彼は「赤」を恐れる。そして、感情の中でも彼に見える「赤色」は「愛情」を意味する。つまり彼は「愛情」を恐れるのだ。

ヒロインは二人いる。「あらすじ」に出てきた九条くじょうくれない、そして空也の幼馴染(年下)の吾道あどう翠香すいか

表紙からして九条さんがメイン・ヒロインに見えるし、事実、序盤は九条さん視点で話が進む。しかし、読み進むにつれて妙なことに気がつく。

それは翠香の「異常なまでの心配性」だ。彼女は、全身全霊をかけて空也を守ろうとする。

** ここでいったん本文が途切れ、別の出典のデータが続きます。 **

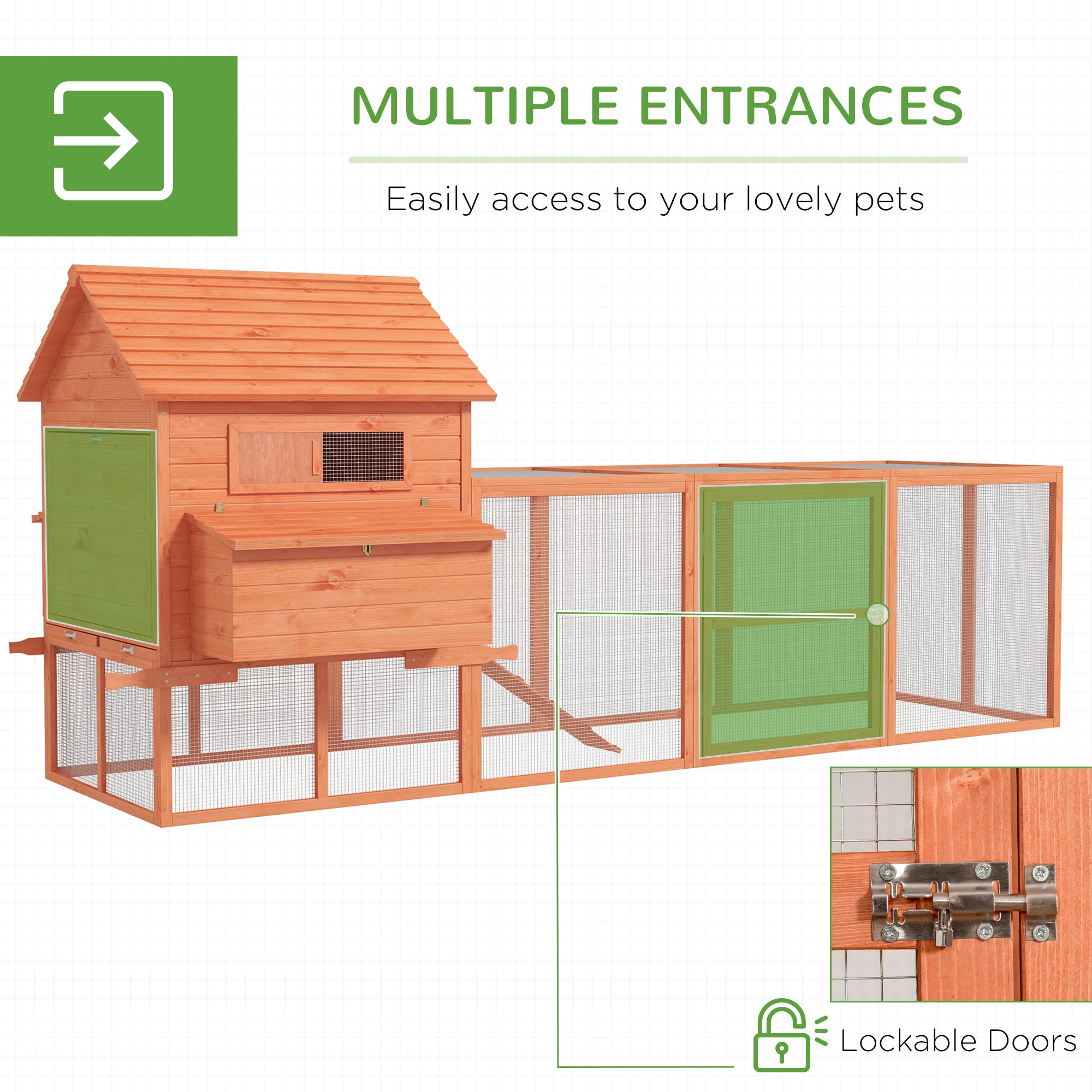 145" Wooden Chicken Coop with Run & Inner Hen House Space - Orange - Image 5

「幼馴染にしては何かおかしいぞ?」と思うまでに時間はかからない。

吾道家は武術の家柄であり、女系一族である。その吾道家の女は、代々「全身全霊をかけて男を守る」という本能・・(?)があるようだ。

最初は九条さんの「デジタル・ストーカー」気味に引いてしまうのだが、

(彼女は、空也君のありとあらゆるデータを非合法に収集している。他の誰かに迷惑をかけているわけではないが、空也君のこととなると手段は選ばないのである)

イラストで見かける翠香さんの目が少々狂気的な気がするのにも次第に気がついていく。

さて、九条さんは空也君の絵に魂を射抜かれて、彼のことを追いかけるようになるが、デジタルの天才で日夜荒稼ぎをしている彼女は、例によってコミュ障であり、空也君と話したくてたまらないのに、10日に一度くらいの頻度でしか話せない。

序盤は、

  • 九条さんはイカれた人
  • 翠香さんは良識的な人

という対比で描かれるが、その構図は途中から崩れていく。

話がジェットコースターのように変化していき、視点も変わっていく。

空也君が日々何を見てどう考えればそういう絵になるのか、その絵に救われた人がどれほどいるのか。

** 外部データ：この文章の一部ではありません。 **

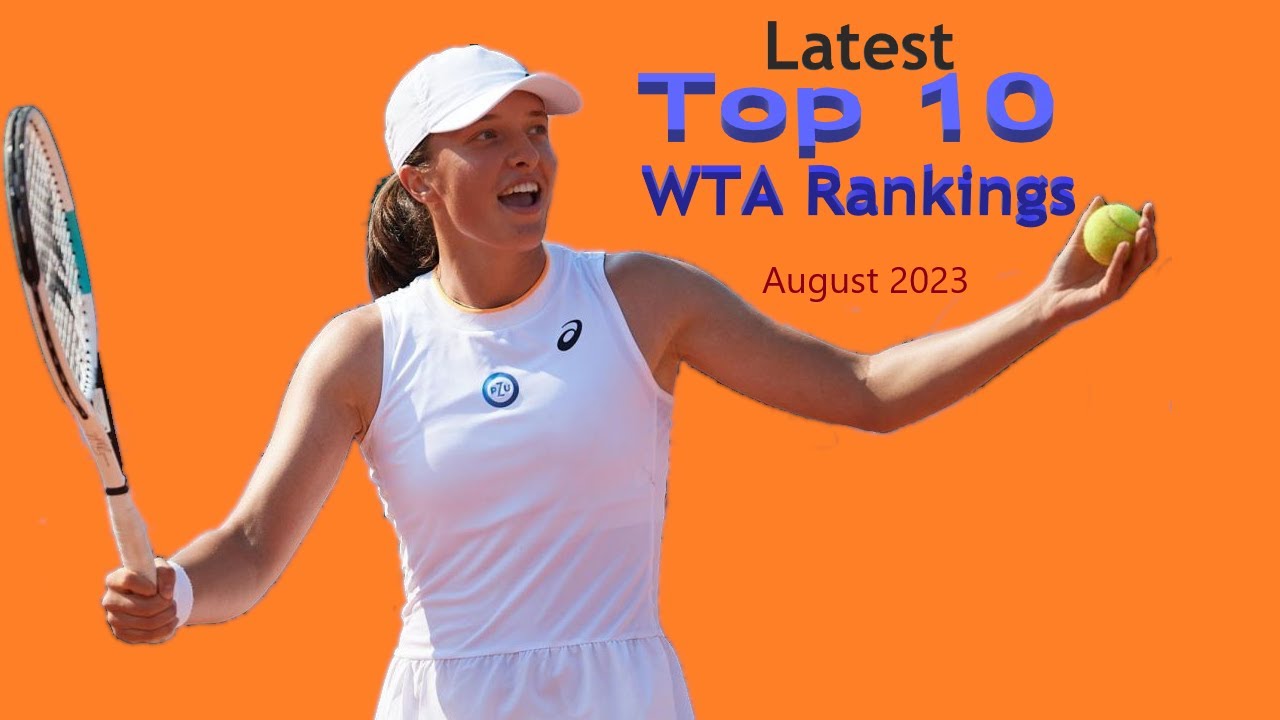 Latest Top 10 WTA Rankings 8th August 2023.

この話は「クリエイティビティ」についての話でもある。

芸術論であるようにも思える(このあたり「さくら荘のペットな彼女」を思い起こさせる)。

いくつもの主題が同時進行で進んでいく、その様が「ジェットコースター」を感じさせて、一瞬たりとも目が離せない。

ということで、最近にしては珍しく1日で読み終えた。

あまり書くとネタバレになるのでここまでにしておくが、

宮代空也、九条紅、吾道翠香の3人がどういうエンディングを迎えるのか、それは是非とも本編を読んでいただきたい。

読んで損はない作品。

読み終えた後に残るのは、

感動

だ。

・・・ところで作者の藍月あいづきかなめ先生は「自分の本の感想をネット上で探してニヤついている」そうなので、これも見つかるのかなー? 読んでくれると嬉しいなあ。